Sometimes ditching an abuser may appear to be an easy call, but it’s far different behind the scenes
We all know by now that leaving an abuser is often the most dangerous time for a survivor. Frankly, it’s often akin to freeing hostages. Meticulous planning and careful consideration are vital, as well as recruiting help from outsiders, in order to ensure everyone gets out safely. Comparisons have been made to the Underground Railroad, the secret network of people organized to lead slaves to freedom in the mid-1800s.
In other words, it’s not to be taken lightly.
But for some survivors, the decision to leave their abusive partner is a split-second one, made not out of haste, but desperation. For some, their exit may even be unencumbered by the abuser—but these survivors are the exception. For so many others, it may appear from an outsider’s perspective they simply got up and walked out the door—fueling the misconception that if a survivor really wants to leave their abuser badly enough, they can—but it is hardly so.
When Abuse Starts to Escalate, Beware
Twenty-five years ago, Carrie* decided to leave her abuser. The decision was not planned ahead of time. She hadn’t consulted with a domestic violence advocate or created a safety plan. She didn’t pack a secret suitcase that she hid in the trunk of her car. She didn’t even tell anyone she had endured scarring verbal and psychological abuse from her husband, the father of her son, for two-and-a-half years.
Then one night, his abuse, which typically took place behind closed doors, took an alarming and escalating turn. “He threw me across the room in front of his brother,” Carrie remembers. “I realized he wasn’t even going to pretend in front of his family anymore.” After he retreated, Carrie took a pillow, went into her son’s nursery and locked the door behind her. She slept on the floor next to his crib. In the morning, after her abuser left for work, she left too, taking only her son and a few changes of clothes for him. She never returned.
What followed, she says, was an ugly and drawn out divorce that ended with her abuser getting joint custody of their son. As such, Carrie still had to deal with him during drop-offs and pick-ups. During one such exchange, her abuser issued a menacing threat: “He said OJ Simpson had the right idea, and I’d better watch out or I’d end up like Nicole.”
She knows her departure might have looked abrupt, almost easy even, but that was hardly the case.
“It was terrifying. Most people in abusive situations have probably lived in a sense of denial for some time—myself included. Accepting the reality of the situation is difficult. Actually leaving can be even harder.”

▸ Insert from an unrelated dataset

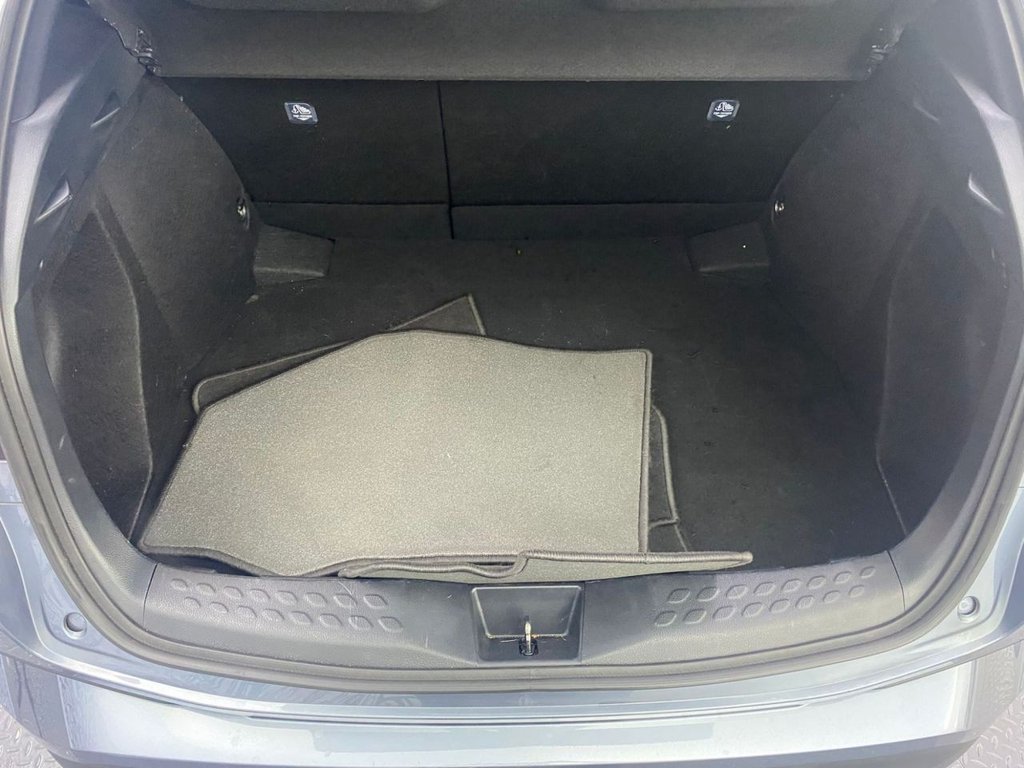 Used Toyota C-HR 2022 for sale - 76396135: Photo 27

A Healthy Amount of Anger Can Be Useful
“Survivors never ‘simply’ walk out the door, and they almost always look back,” says Lori DiGuardi, survivor, TEDx speaker and author of Anger 101: The Healthy Approach to Being a Bitch. DiGuardi says most of the survivor-mothers she’s spoken to left their abusers when they felt their children’s lives were threatened.
“For others, they left when they hit a total and complete bottom—after escaping knives in their faces, cords around their throats and bloodied and bruised bodies that were too much to bear,” she says.
While there is a myriad of obstacles that can stand in the way of leaving an abuser (one survivor created a list of 50 potential barriers), DiGuardi says what may help some survivors is getting pissed.
“I believe one of the most useful qualities that helps a person look past the barriers and become free from abuse is healthy anger. But most people deny their anger, suppress it or are afraid of it,” she says.
Survivors might consider it hypocritical to get angry with an abuser who is using a threatening level of anger to control her, but DiGuardi says there is bad anger, and then there is healthy anger. “Healthy anger would never allow another person to dishonor you.”
In addition to tapping into your anger, DiGuardi says survivors also need to know there is a safe and supportive place to turn. For some, that could be ashelter. For Carrie, it was relying on the support of her mom. Without support, DiGuardi says the lure to return to an abuser, who often repeats their pattern of apologies and promises, is immensely difficult for a survivor to break free from.
More than two decades later, happily remarried and now a mom of three, Carrie hopes her experience with leaving can help other survivors. Above all, she says, she wants survivors to know they are doing the right thing.
“Don’t believe that your abuser is going to change because they aren’t,” she says. “I’ve always liked the quote, ‘Trust is like glass. Once broken, it will never be the same again.” In the case of abuse, that glass has been broken so many times, there’s no hope it will ever resemble its original form. It’s important to keep that in the forefront of your mind because your abuser is going to try and make you believe otherwise.”
*Name has been changed to protect privacy.